Give the lines below again exactly, starting with the line that holds "Illustrator offers a" and going on through the line that holds "So all we've".

SUPPLIED MATERIAL >>
-=-=-

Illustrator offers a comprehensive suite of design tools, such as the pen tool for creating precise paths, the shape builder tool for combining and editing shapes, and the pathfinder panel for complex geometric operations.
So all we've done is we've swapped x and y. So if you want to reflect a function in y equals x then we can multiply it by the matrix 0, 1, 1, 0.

-=-=-

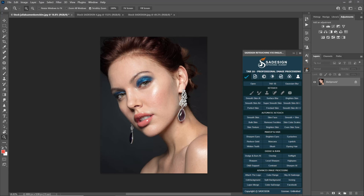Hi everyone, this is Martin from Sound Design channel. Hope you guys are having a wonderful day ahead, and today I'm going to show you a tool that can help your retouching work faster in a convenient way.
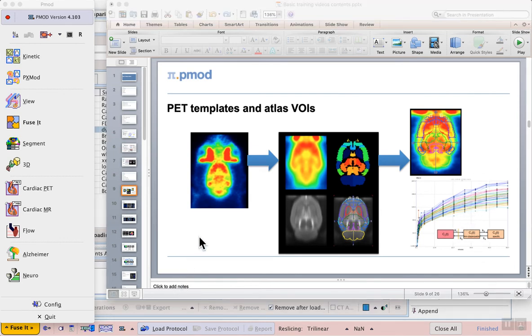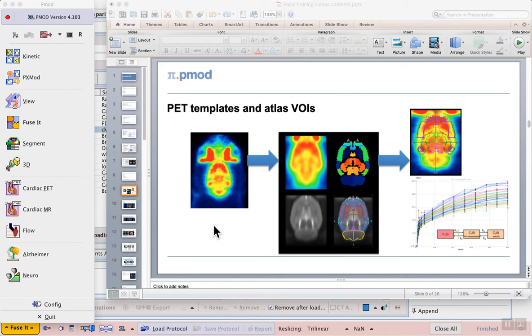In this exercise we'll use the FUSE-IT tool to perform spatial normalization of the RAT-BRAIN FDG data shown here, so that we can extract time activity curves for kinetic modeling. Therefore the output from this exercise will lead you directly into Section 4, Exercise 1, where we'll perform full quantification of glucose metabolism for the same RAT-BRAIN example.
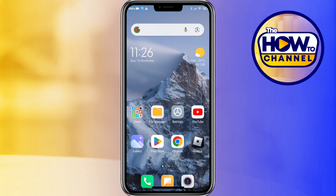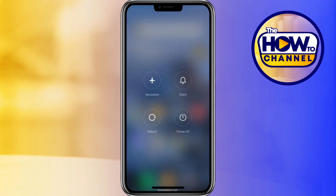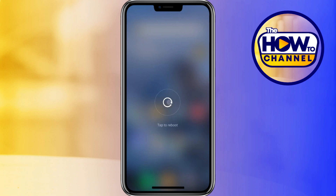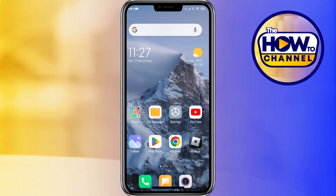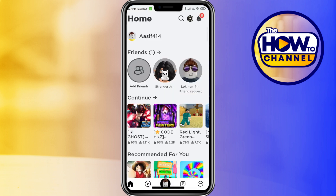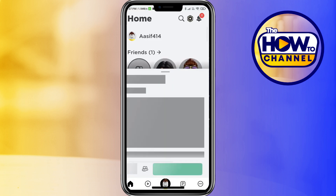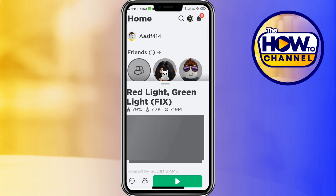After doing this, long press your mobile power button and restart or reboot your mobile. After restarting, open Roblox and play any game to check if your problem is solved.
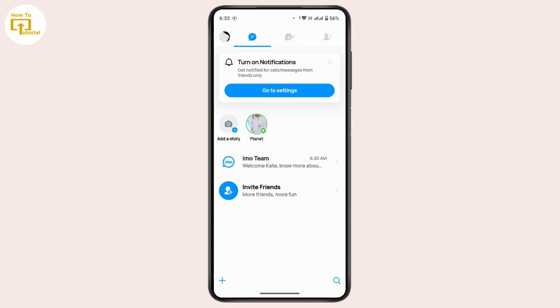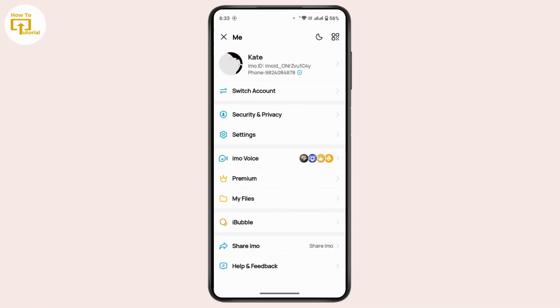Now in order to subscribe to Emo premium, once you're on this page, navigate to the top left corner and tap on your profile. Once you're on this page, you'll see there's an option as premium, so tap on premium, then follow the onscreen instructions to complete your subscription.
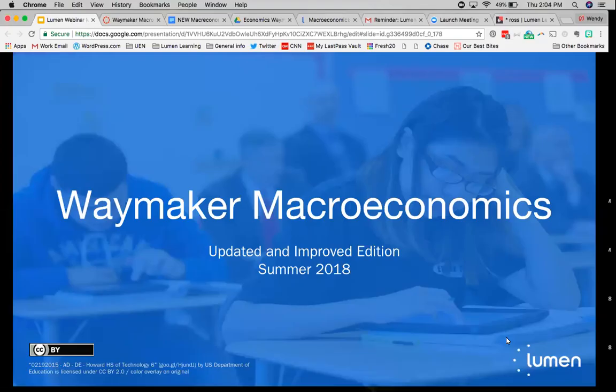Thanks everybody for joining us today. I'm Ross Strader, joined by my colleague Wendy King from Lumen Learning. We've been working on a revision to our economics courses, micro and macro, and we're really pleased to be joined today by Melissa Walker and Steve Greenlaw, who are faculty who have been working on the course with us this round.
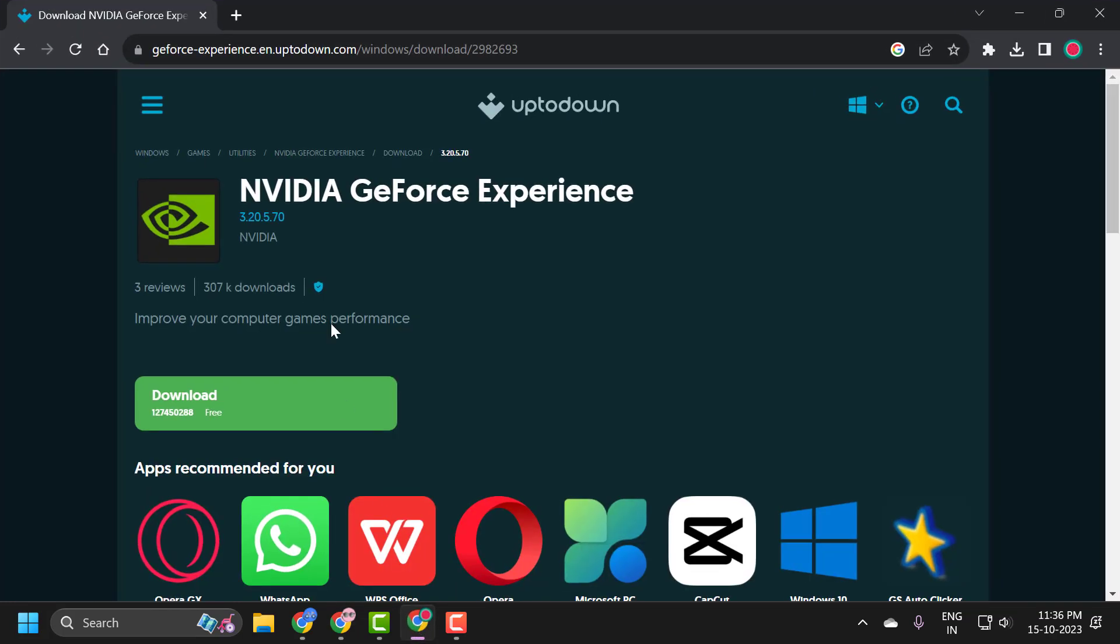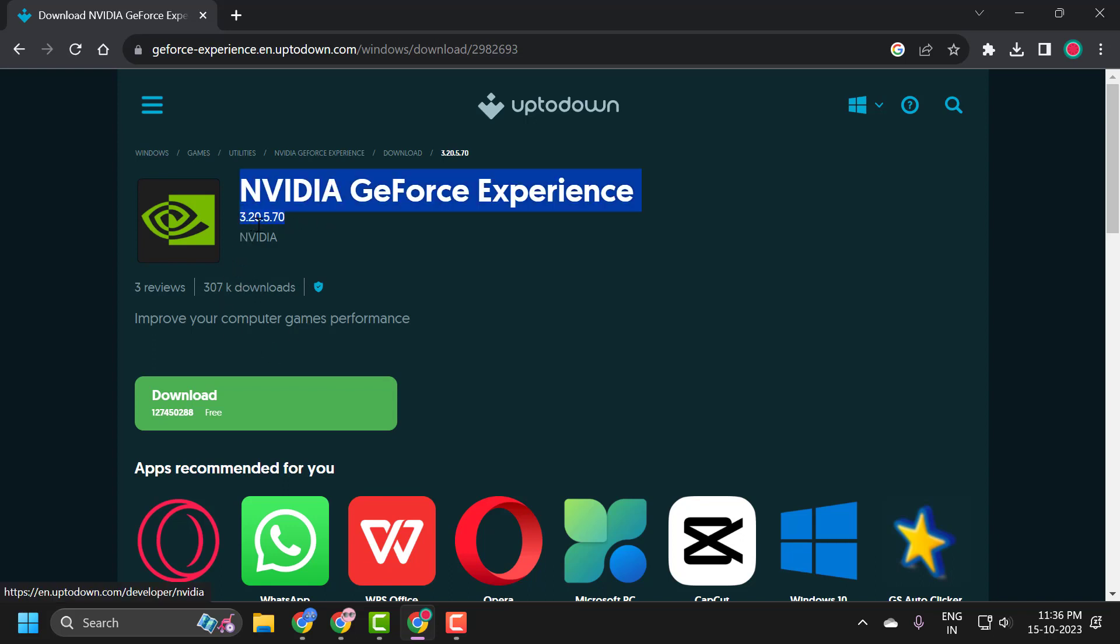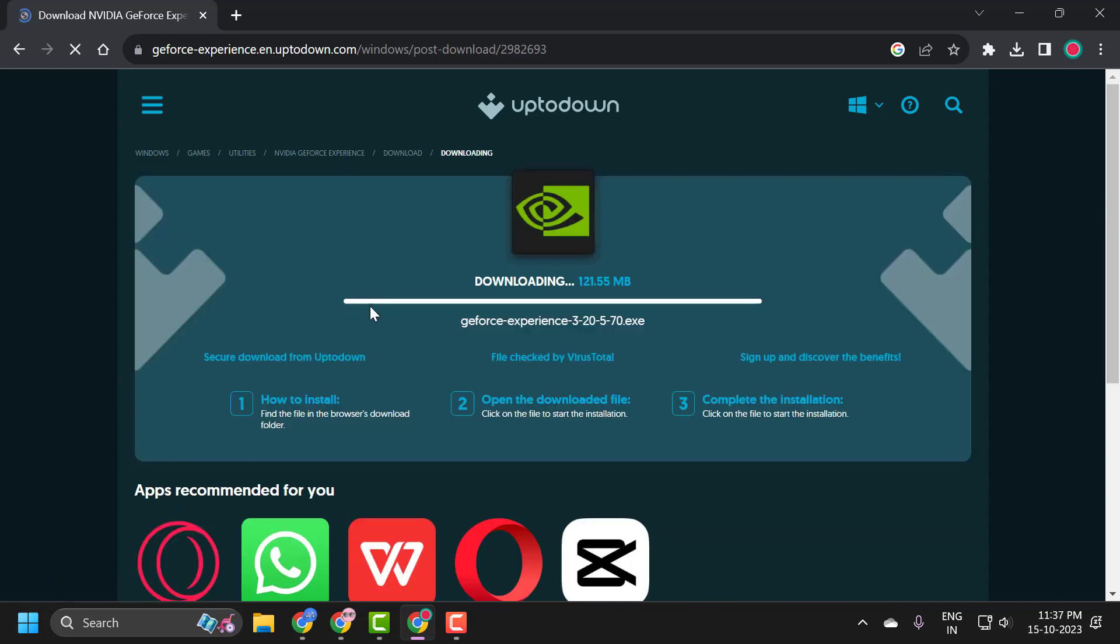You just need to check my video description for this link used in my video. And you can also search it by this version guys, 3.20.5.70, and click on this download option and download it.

-=-=-

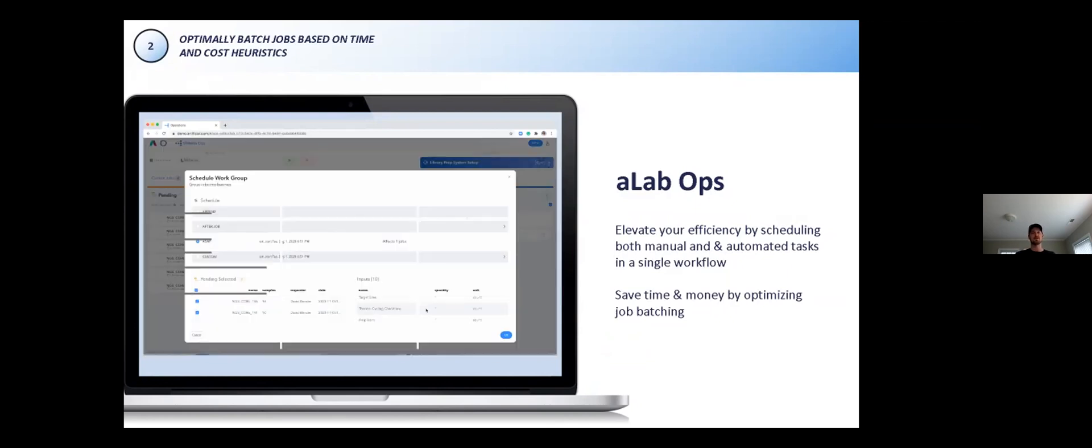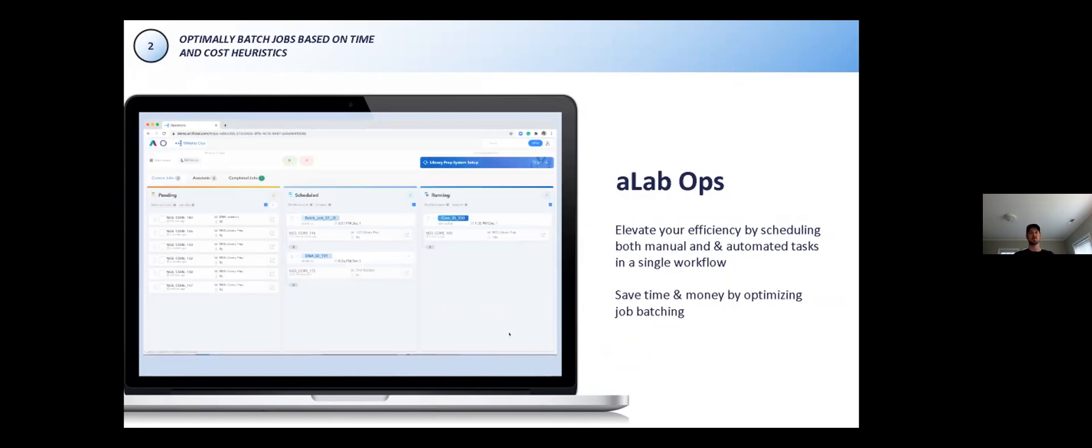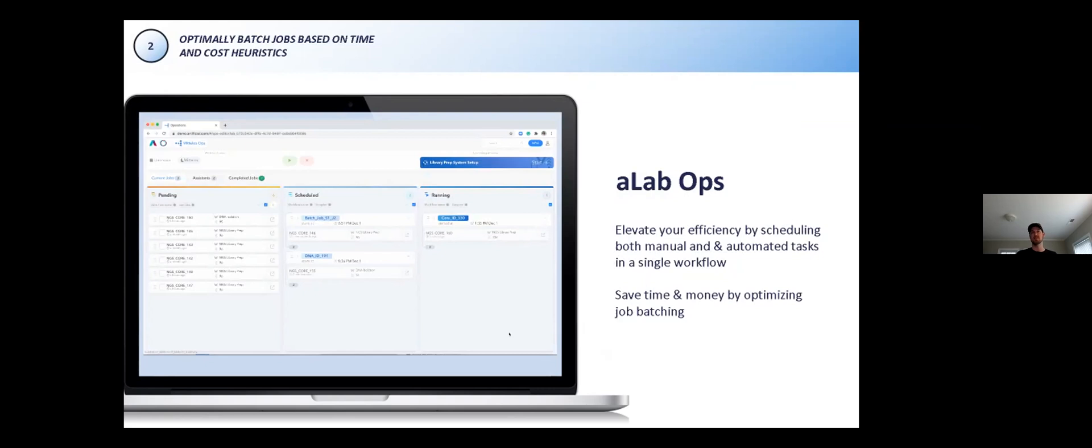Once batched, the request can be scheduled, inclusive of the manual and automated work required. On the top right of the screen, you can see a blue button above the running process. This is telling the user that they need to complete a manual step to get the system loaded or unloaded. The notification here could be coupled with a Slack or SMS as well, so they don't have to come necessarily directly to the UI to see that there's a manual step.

-=-=-

ANSWER TO THE PROBLEM >>
Illustrator offers a comprehensive suite of design tools, such as the pen tool for creating precise paths, the shape builder tool for combining and editing shapes, and the pathfinder panel for complex geometric operations.
So all we've done is we've swapped x and y. So if you want to reflect a function in y equals x then we can multiply it by the matrix 0, 1, 1, 0.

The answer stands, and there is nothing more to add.